Are you dealing with the aftermath of a will kit or hand written written will?
We can help guide your through the process, contact NZ wills and estates expert, Mimi Lewell today.
21 June, 2017 | Mimi Lewell
Hand written wills and do-it-yourself “will kits” can seem like a cost effective option compared to engaging the services of a lawyer, but unfortunately, they often end up costing thousands to deal with when your estate comes to be administered.
Our Estate team often find themselves helping distressed family members who have to deal with the mess that can be left behind when solid legal advice is not sought when drafting a will. The story below outlines a real life situation, what went wrong, how we dealt with it and how to prevent the same thing happening to your or your family.
We were contacted by a family who were trying to get Probate for their mum’s will, and had been trying to do so since her death almost two years prior.
Prior to her death, their mum, “the deceased” had been very ill in hospital. She decided she wanted to make a will, as she didn’t have one. She wanted to appoint her friend as the executor.

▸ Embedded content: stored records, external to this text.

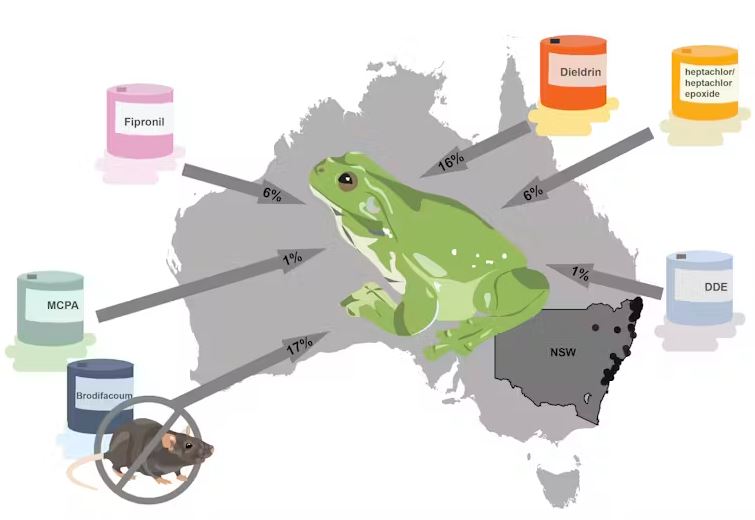 Map infographic of different pesticides and how they are found in frogs around Australia.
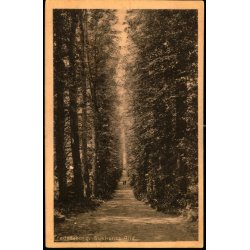 Fredensborg - Sukkenes All - W. Levy 6249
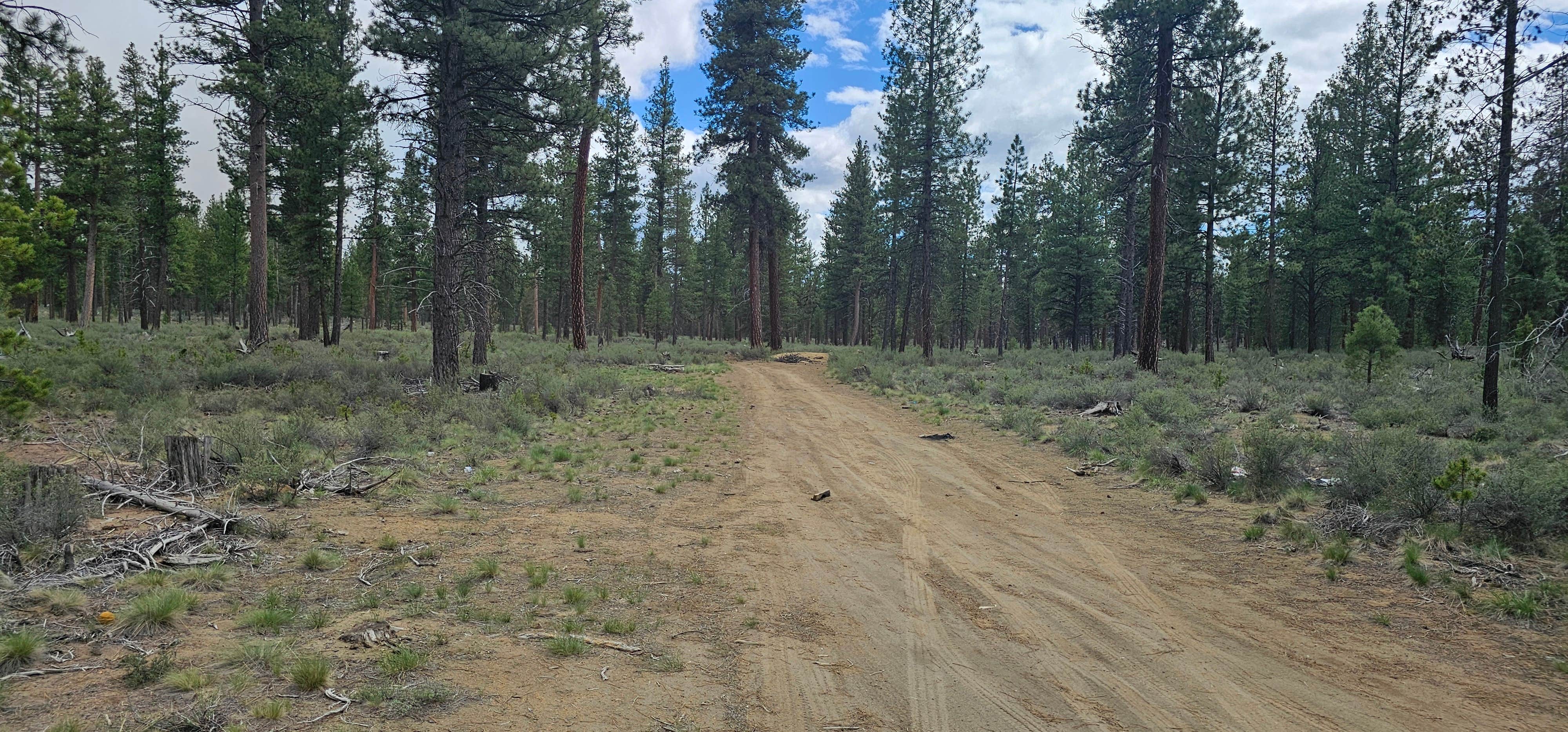 Camper submitted image from Ten Mile Sno-Park - 5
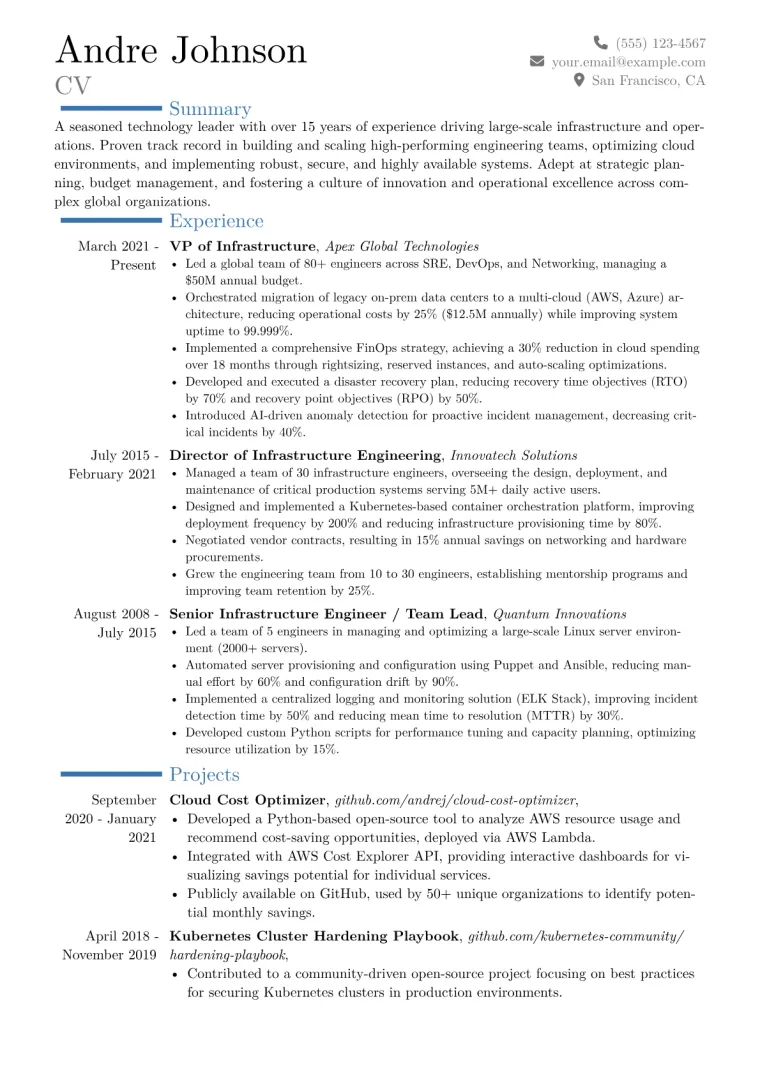 VP of Infrastructure Resume Example CV template preview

Her friend was at hospital with her, and she asked the hospital staff for some paper to write the will out on. The staff handed her a piece of paper that was blank on one side, but the other side was Page 4 of a form that the nurses had already written on.
On the blank side of the paper the will was completed with details of the executor (her friend) and how the estate was to be distributed. The will was then signed by the deceased and witnessed by two independent people, which was the right thing to do.
Her friend also produced a Will Kit form that was called a “Will for a Married Person who has Children”. They completed this form, where the deceased circled the word “Husband” to be appointed as the executor (in contradiction with the first Will).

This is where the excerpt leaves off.